Moods and Writing


Have you ever just been in one of those moods where you don’t want to look, talk, or even hear anyone? You would much rather be home, curled up in a nice warm bed, reading a book than having to deal with your daily life?

I’m in one of those moods today. I don’t feel like being an adult today or dealing with anything remotely that resembles being an adult. In all honesty, I would love nothing better than to have a nice little temper tantrum. I wonder if maybe throwing myself onto the floor kicking and screaming would finally pull me out of this funk I have found myself in.

I started out pretty well this morning. Got up at my normal time and proceeded to follow my normal Monday morning routine. But as the morning has progressed, I have found myself falling deeper and deeper into a horrible mood.

The past half hour, I have spent trying to get this blog post written.  I would get two to three paragraphs in with an idea I thought was wonderful and then delete everything. I attempted this about four times before I threw up my hands and opened Facebook.

I ignored my the website calling to me to post a blog. I ignore the little note in my notebook that told me that today was my day to write a post. I focused on reading other people’s Facebook posts and then switched to Pinterest to see what new and interesting recipes were available.

As I looked through Pinterest and saw all the articles about writing, I slowly found the connection with my mood. It wasn’t just a bad mood settling over me in the hopes of ruining my day, it was because of my failed attempt at writing. I had this idea for what I wanted my blog post to be about this morning and no matter how much I tried, I wasn’t able to get what I wanted onto the screen. I couldn’t express the thoughts and ideas that were floating around my head and this lead me into a foul mood.

As I sat here thinking about this, I realized this hasn’t been the first time this has happened either. There are multiple times I can associate my mood being dictated because of my writing. Not only when I couldn’t quite express what I wanted to, but also by just what I was writing.

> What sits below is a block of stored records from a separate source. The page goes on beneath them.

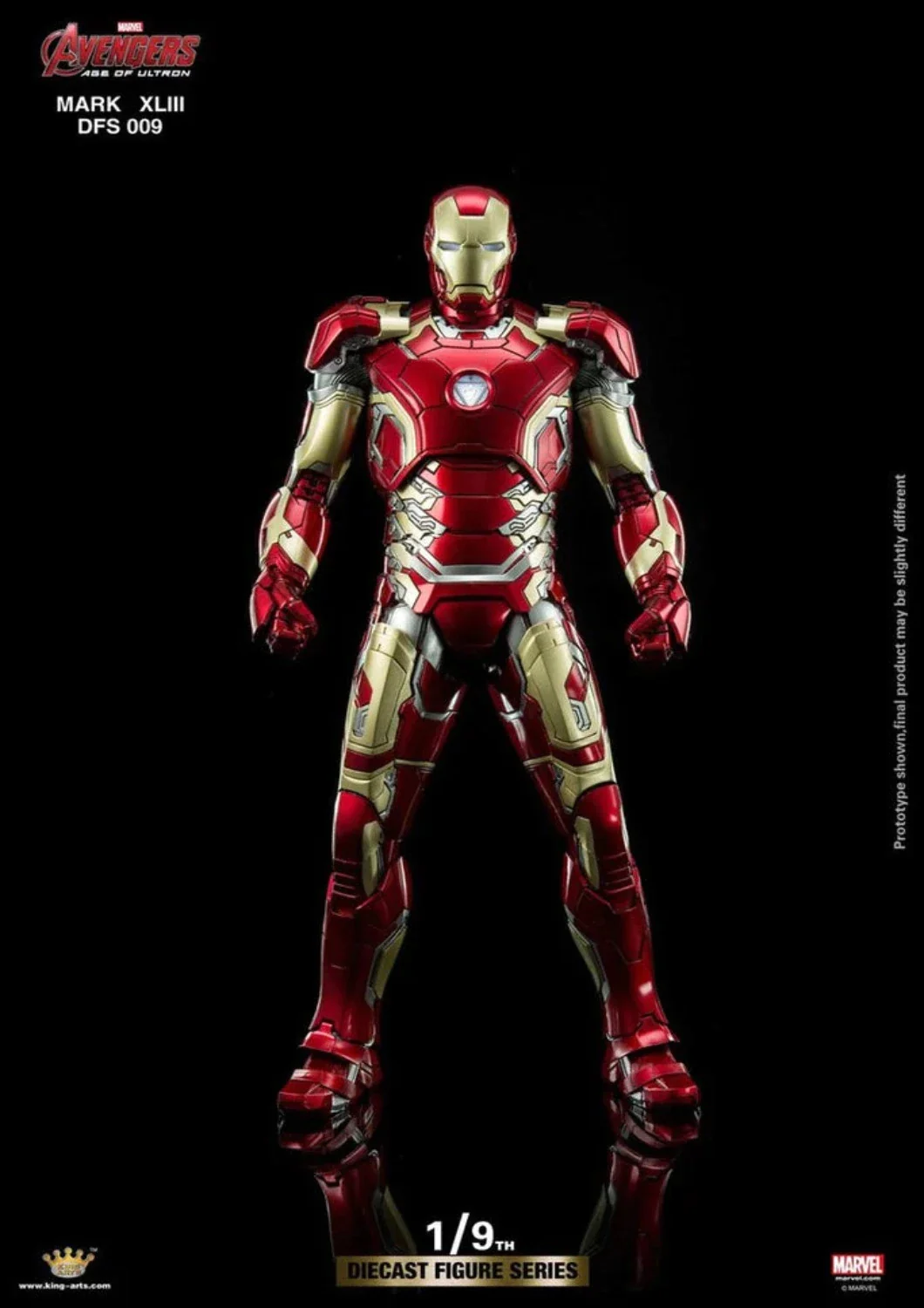 AVENGERS AGE OF ULTRON IRON MAN MK 43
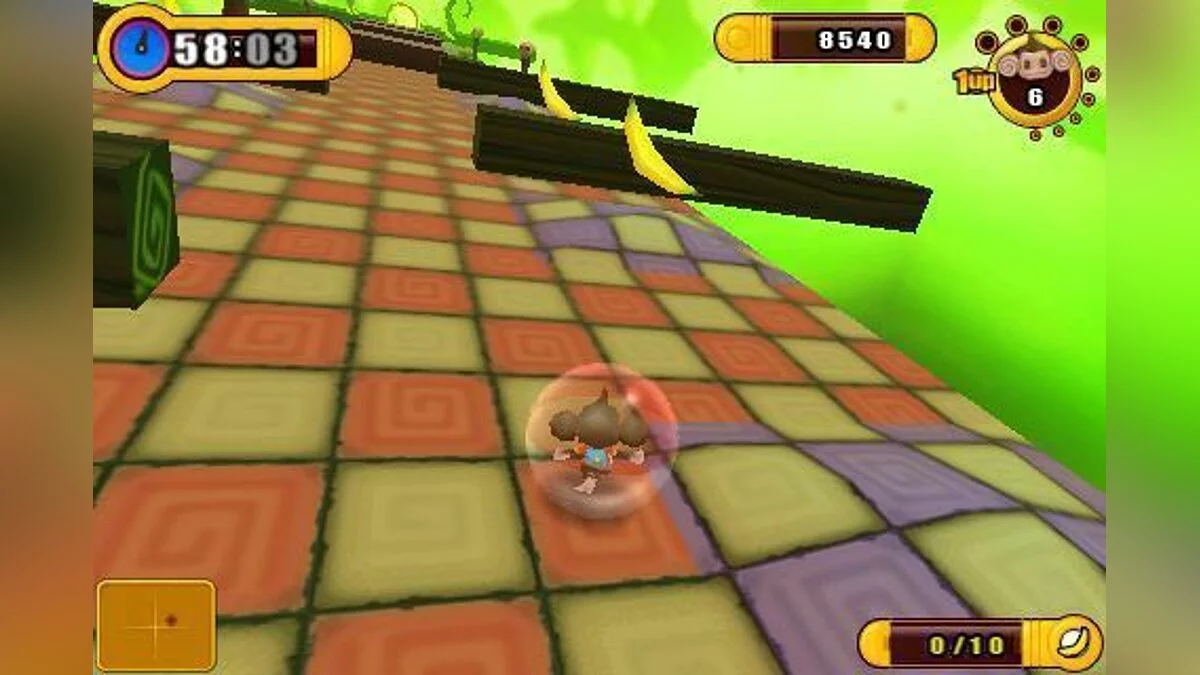 Скриншоты из Super Monkey Ball 2 / Картинка 3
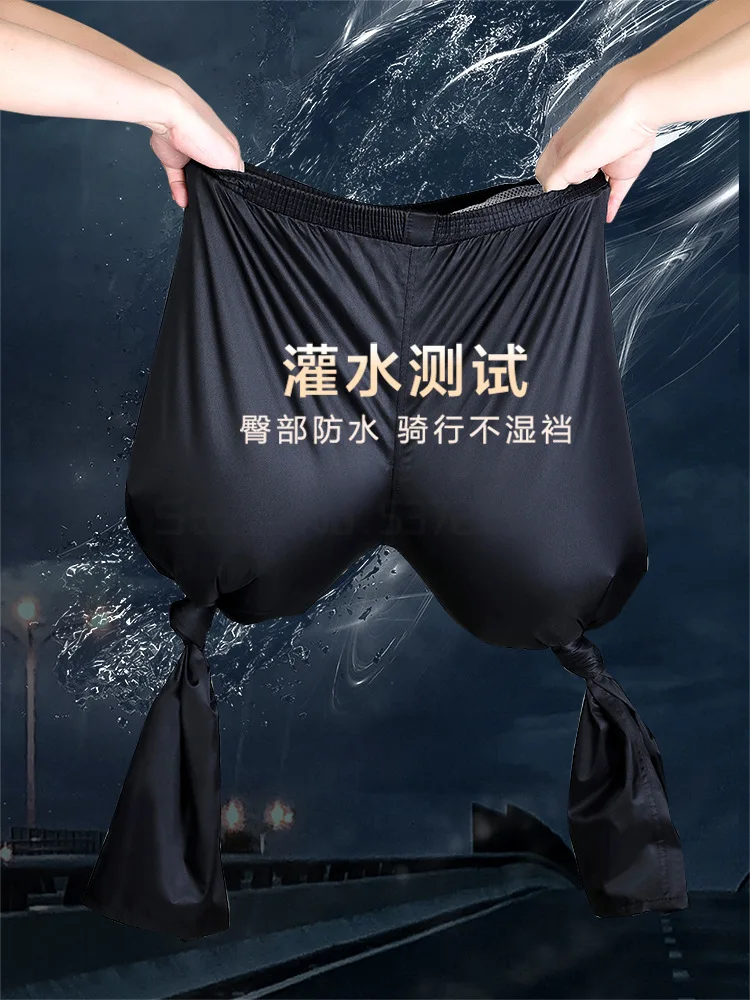 Waterproof Thick Raincoat Suit Jacket Pants PVC Motorcycle Men Women Poncho Traje Lluvia Moto Rainwear Rain Gear AD50RC | Дом и сад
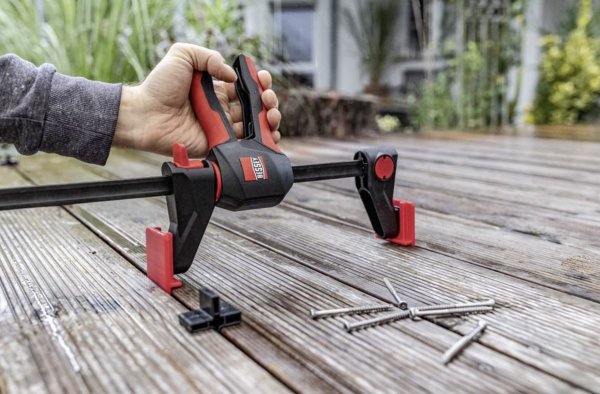 BESSEY Montageset für Terrassendielen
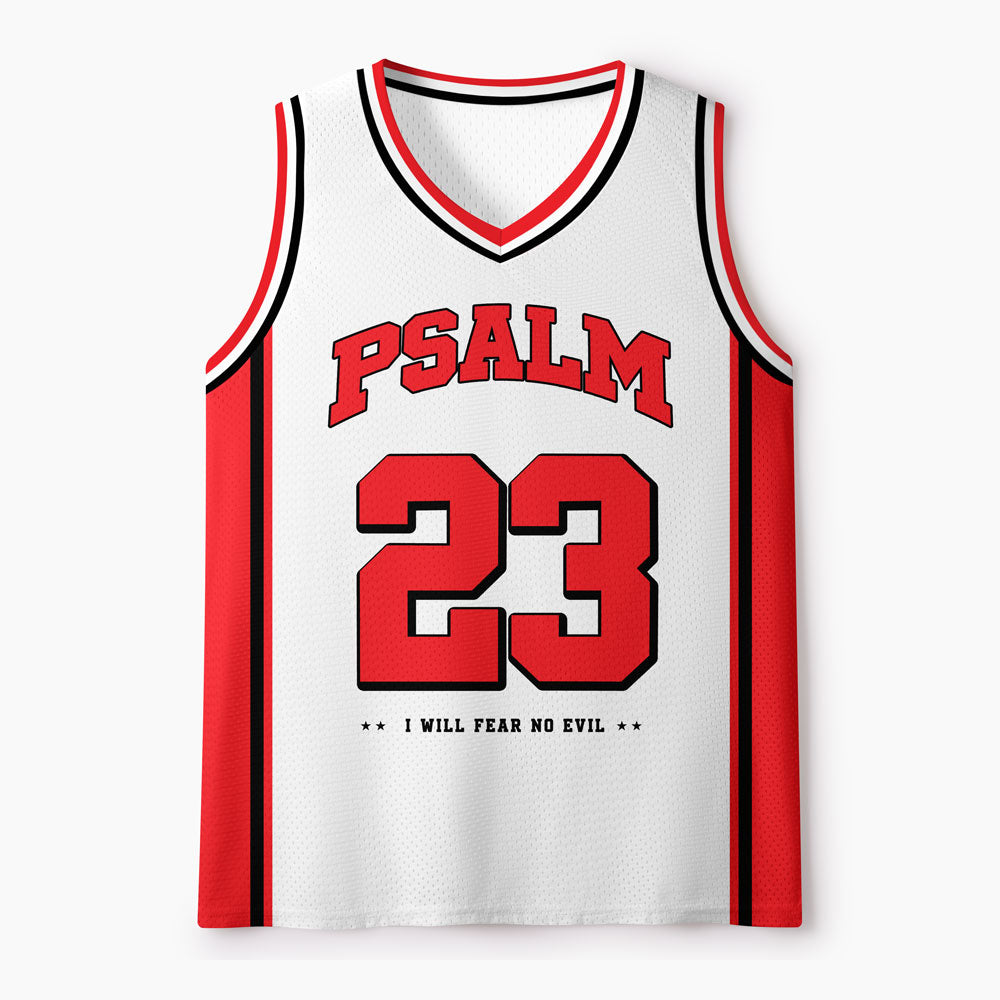 Fear No Evil Christian Mesh Jersey Tank Top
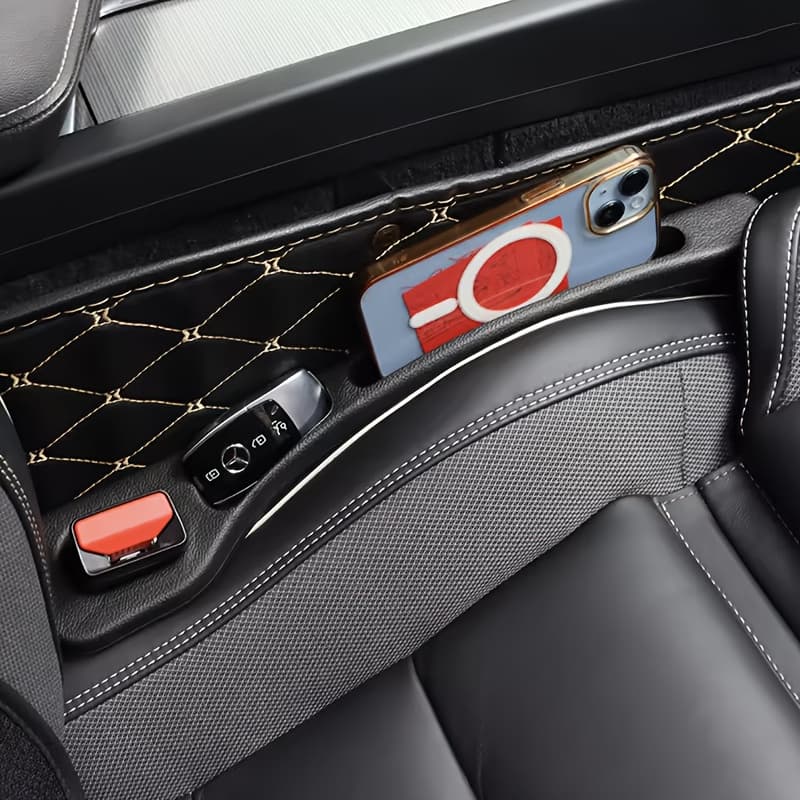 TEMU 2pcs Set Car Seat Filler | Byd 3/yuan Plus/atto2/yuan Up/ 7/ 6/dolphin Surf Seal Car Side Filler, For Car Storage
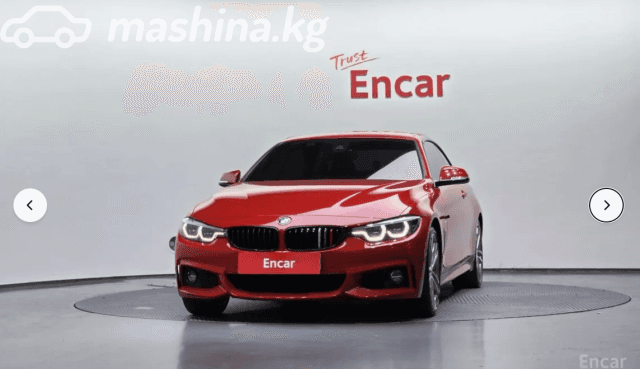BMW 4 серии F32/F33/F36 Рестайлинг 430i 2.0 AT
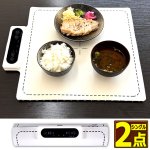 画像9: いつでも温かい料理！くるくる巻ける保温ロールプレート シングル2点 (9)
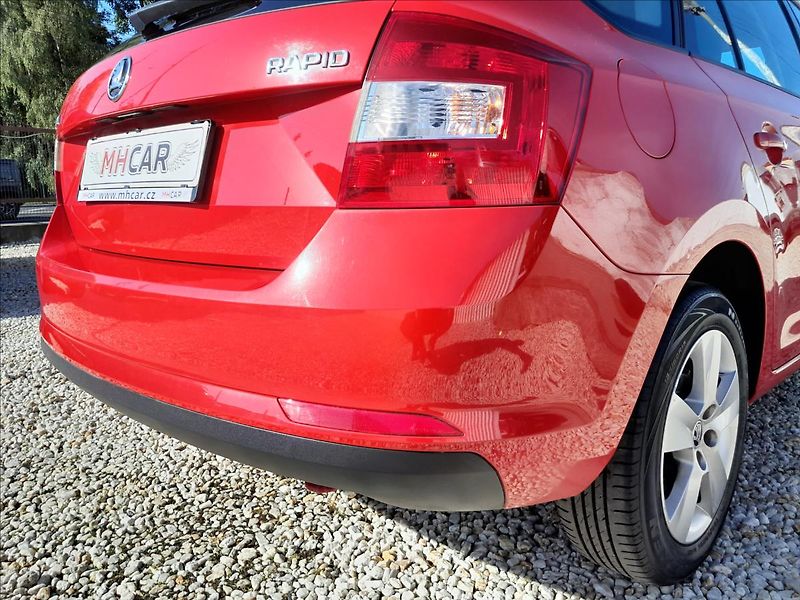 Škoda Rapid 1,2 TSI 66kW - fotka 15 z 51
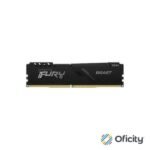 Memoria Ram Kingston FURY Beast 8 GB 3200MHz DDR4 CL16 DIMM Color Negro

Although I have been desperately trying to focus only on my novel planning, there was a few days toward the end of last week when I was just drawn to work on a piece I have been toying with off and on for years. I sat and started to write a scene I’ve tried writing over and over. It is a sad scene from the story that I’ve avoided, but on this day I needed to get it out of my head. As I wrote this scene, I found myself sinking deeper and deeper into the depressed mood I was trying to portray in my writing. And it was one that lingered for the rest of the night, even after I called it quits on my writing for the day.

There are other times that the mood I was in to start with had a tendency to reflect on what I wrote. If I was having a bad day, I would write a darker scene. And the opposite would be true if I was having a really good day. The more I thought about this, I realized that my writing has a big affect on my mood and the reverse was also true. How could it be that it took me this long to actually realize this? I don’t know but it will definitely help as I continue on my writing path.

Now that I’ve written this post, do I feel better? A little. I still would rather be curled up with a good book than sitting at my desk, but some of the darkness has lifted. Hopefully, as the day progresses, I will feel even better.

So, the next time you find yourself in a horrible mood, think about what your current project. Could it be that sending you into a temper tantrum type of mood? And please share with me some of the ways you have handled it. I would love to hear it.